Samsung’s Gear VR for Galaxy S6 is out today for $199
If you just got yourself a Samsung Galaxy S6 (or its curvier sibling, the S6 Edge) and you happen to be a fan of VR, well good news: the latest Gear VR for the Galaxy S6 is now officially on sale. It’s still in limited rollout but it should be in your local Best Buy starting today for around $199, with availability expanding quickly to even more places. Introduced at Mobile World Congress in Barcelona, the new headset is not only designed for Samsung’s new phones, but also features a number of improvements over the original Gear VR for the Note 4. We had a chance to take a brief spin with the new hardware a few days ago, tried out a few new made-for-VR games and also talked to Max Cohen, VP of mobile at Oculus, for more on Gear VR’s future.
Not much has changed with the Gear VR from our hands-on in March, but we’ll offer a brief recap of the hardware anyway. In comparison with the original, the new headset is definitely smaller and lighter, which befits the S6’s more petite stature. The straps have also been redesigned for better weight balance and there’s now additional padding on the rear strap for a slightly more comfortable fit. And unlike the original, the new headgear has a USB port so you can charge the S6 while it’s nestled in. The focus ring adjustment now goes further in both directions plus there’s mechanical fan to cool you down. From my experience wearing the device, I can also say the picture quality is excellent — really sharp images with hardly any screendoor effect at all.
Now on to the game demos. Cohen had me try out three new made-for-VR games that he thought would best represent the range of VR games that are now available for the Gear VR — remember that you can now purchase and download these games from a paid app store. The first is a unique party game called Keep Talking and No One Explodes developed by Steel Crate Games. The person who’s wearing the headset would be tasked with diffusing a bomb, while other people in the same room would instruct them on how to do so by using an instruction manual.
I played a brief stint of the game with a couple of colleagues at our San Francisco office, and it was a lot of fun, albeit stressful. I had to describe what I saw in each bomb module and then my co-workers would reference a rather thick user manual, ask me questions and talk me through what I needed to do while the clock was ticking. It reminded me a lot of Spaceteam or other collaborative games where players had to help each other, except in this case, I was the only one at the controls. Cohen says that this is a good example of a game that wouldn’t work too well outside of VR, since it would spoil the fun if everyone else could see what you’re seeing.
The next game I tried is Herobound: Spirit Champion, which is actually a sequel to Herobound: First Steps, a game that Oculus made last year. Developed by Gunfire Games, Herobound is essentially a Zelda-type adventure game where you fight enemies and complete puzzles and missions. Unlike the earlier game, I had to use a Bluetooth controller in order to move the character around and swing a sword. That said, I could still do things like look at a target in order to aim an arrow at it, which is something I wouldn’t be able to do outside of VR.

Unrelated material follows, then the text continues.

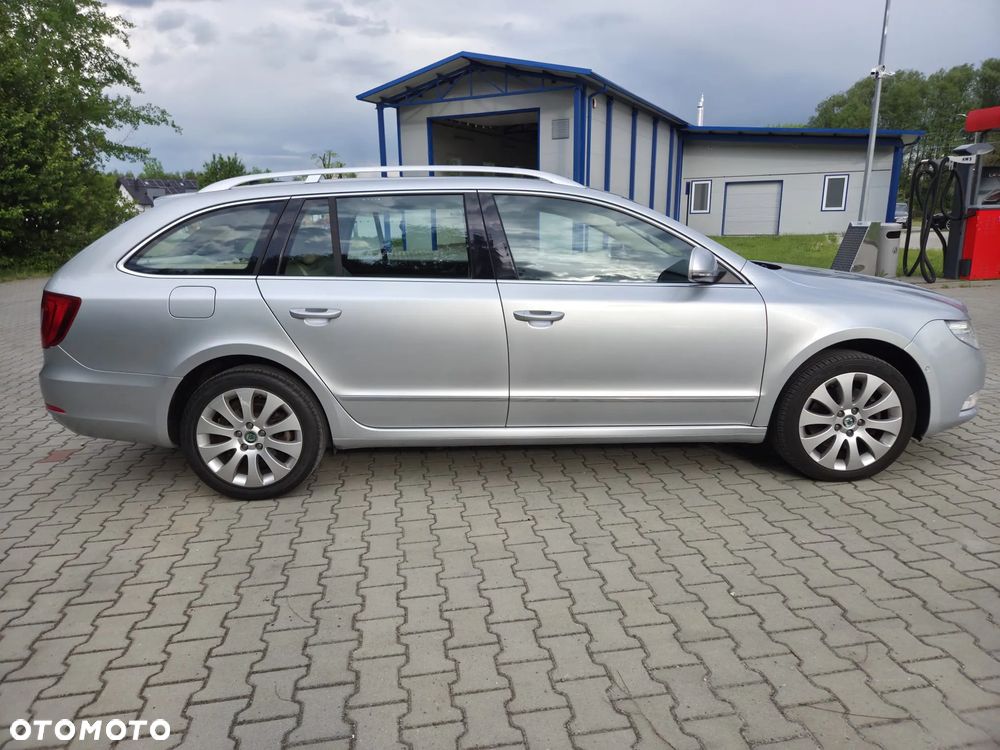 Skoda Superb 1.8 TSI DSG Exclusive - 7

Last but certainly not least is a game called Omega Agent by Fireproof Studios, which is the same outfit behind The Room and The Room 2, a couple of excellent puzzle games for Android and iOS. Omega Agent is basically a secret agent jetpack game where, you guessed it, you get to fly a jetpack and shoot at targets. If that sounds ridiculously fun, well, it is. The visuals are fairly simple cartoony graphics but the sensation of flying around a city with a jetpack is . Cohen recommended that I sit on a swivel chair and turn on a “Swivel Chair” mode in settings (Yes, that’s a real option) where the jetpack turns as you turn in order to reduce motion sickness. But, perhaps due to the somewhat low-res graphics, I still felt pretty dizzy afterwards.
“We believe in designed-for-VR games,” says Cohen of the games I tried. Both Omega Agent and Herobound are available now (the former is $9.99 while the latter is free) while the Keep Talking game’s pricing and release date are still to be determined. “VR builds more of an emotional connection than traditional media. You’re more connected to the character. You get more a sense that you’re there, more interaction,” he says of the experience. “Initial titles were existing IP properties that were kinda mapped over. But the platform is maturing at this point,” he says, adding that there’s a bunch more content now on the app store even though it’s only been out for a few months.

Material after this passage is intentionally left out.